Compatriot Prof. Dr. Wolfgang Lutz, founder and head of “Wittgenstein Center for Demography and Global Human Capital“, Vienna defines Human Capital as the Mathematics of = Population x Education (x Health). Education being the most important source of observable population heterogeneity after sex and age of demographic groups. I would like to summarize his extensive work basically by referring to the featured image for this blog in which he illustrated the 3 main drivers of Demographic Metabolism: CER standing for a Constant Enrolment Rate of Education among a country’s population, GET for Global Education Trends and FT for Fertility Trends. GET having been being supported by most political regimes through socialized or at least affordable education schemes for its populations has led to improved access to information about health and increased female education reducing fertility of societies, reflected via FT. In all countries studied by IIASA under his conduct since 1994, affluence evolved exponentially to Human Capital stock increases. For example looking at the Education stock-flows of Singapore, Korea or Mauritius over the last 50 years significance of policies for education expansion through their effect on the future educational attainment of young women, significantly influence medium to long term paths of population growth for individual countries and the world as a whole. Better educated men and women seem to have lower mortality rates and their children’s mortality decreased. In view of the 17 UN-Sustainability Development Goals [SDGs] world population increase may potentially be leveled off by women with more education having fewer children, both because they want fewer and because they find better ways to pursue their own goals.
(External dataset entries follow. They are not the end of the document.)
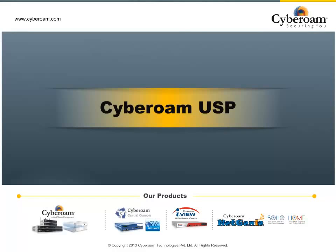Hello and welcome. In this presentation today we will talk about Cyberoam Unified Threat Management Solution and its security features that help keep the network secure from a host of threats.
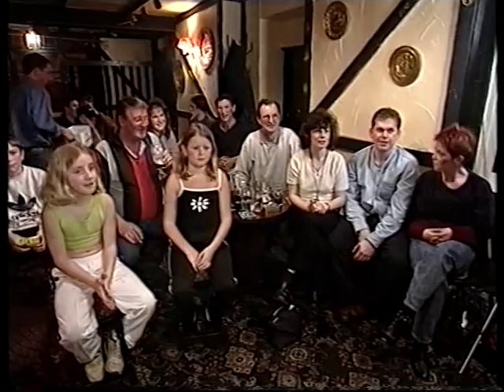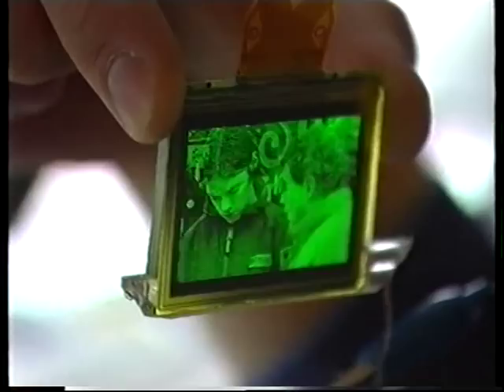And finally, to the television of the future. Scientists in Cambridge have developed the world's first plastic TV. It's just two millimetres thick and uses glowing plastic to transmit pictures. Although they're only black and green at the moment, the full colour version isn't far behind.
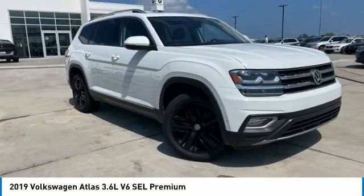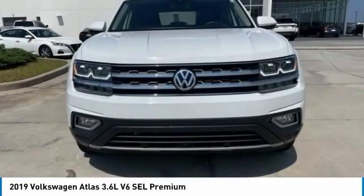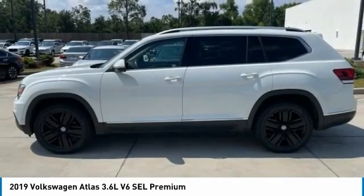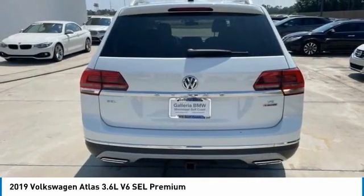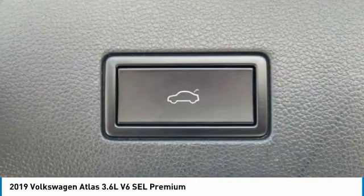Take a ride in the 2019 Atlas. The Volkswagen Atlas provides you all the flexibility you'd expect from a crossover vehicle with three rows of seating. The Atlas also features the latest in audio and safety technologies. This vehicle has less than 80,000 miles.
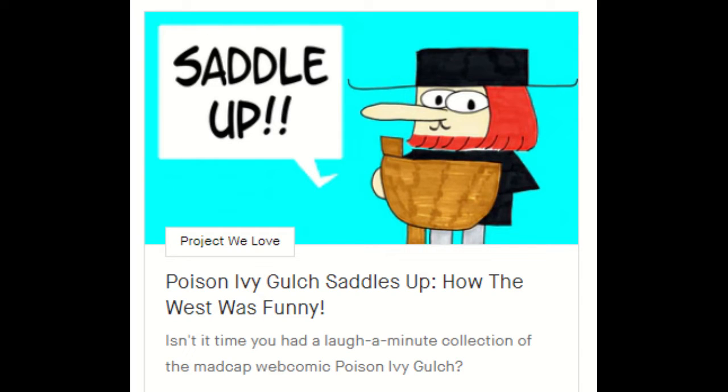Hello everyone, it's me, your old pal Max West. As you know, I draw comics, I do children's picture books, and I currently have a Kickstarter running for Poison Ivy Gulch Saddles Up. It's a book collection of my webcomic, Poison Ivy Gulch.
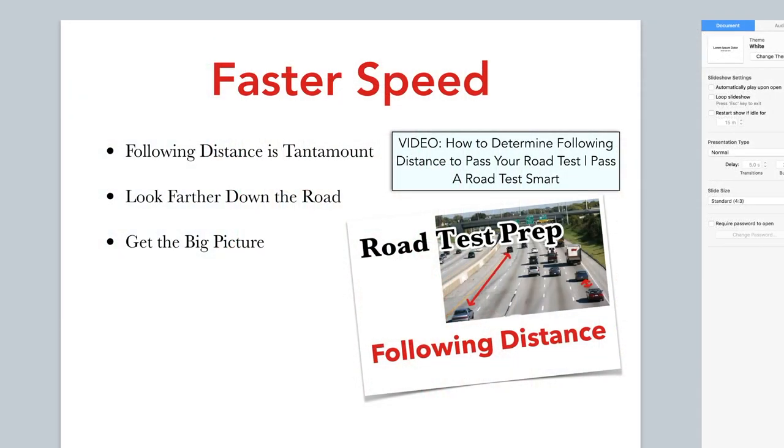Edgar asks for tips on maintaining speed. There is a video on controlling speed on the YouTube channel — Cory may find that for you. At faster speeds, following distance becomes paramount. You have to manage your following distance carefully.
Lutz describes today’s world demographics being just divided by time shift of different stages of Human Capital stocks across the globe, meaning that societies of currently lower average formal education stocks (in quantity, quality and content) are likely to catch up with where other parts of the world population at more distinctive Human Capital levels are standing today. Of course nobody knows today, which groups will be most vulnerable to potential Climate Changes ahead of us. And worried parents of teenagers in the USA about its ever less affordable privatized tertiary education system adumbrate potential setbacks in the currently still biggest economy’s Human Capital achievements. Unfortunately this coincides with a potential disavowal of Climate Change by its new elected presidency, likely to further delay enhancing climate adaptation by education. While school enrolment has decreased across several African countries over the last decade, threatening to fall back into excessive population growth extraordinarily tensed by dwindling resources and at least very likely additional stress from Climate Change. The consequences will most likely result into an immense pressure on Europe, potentially leveling out Human Capital achievements across these two neighbor continents by migration.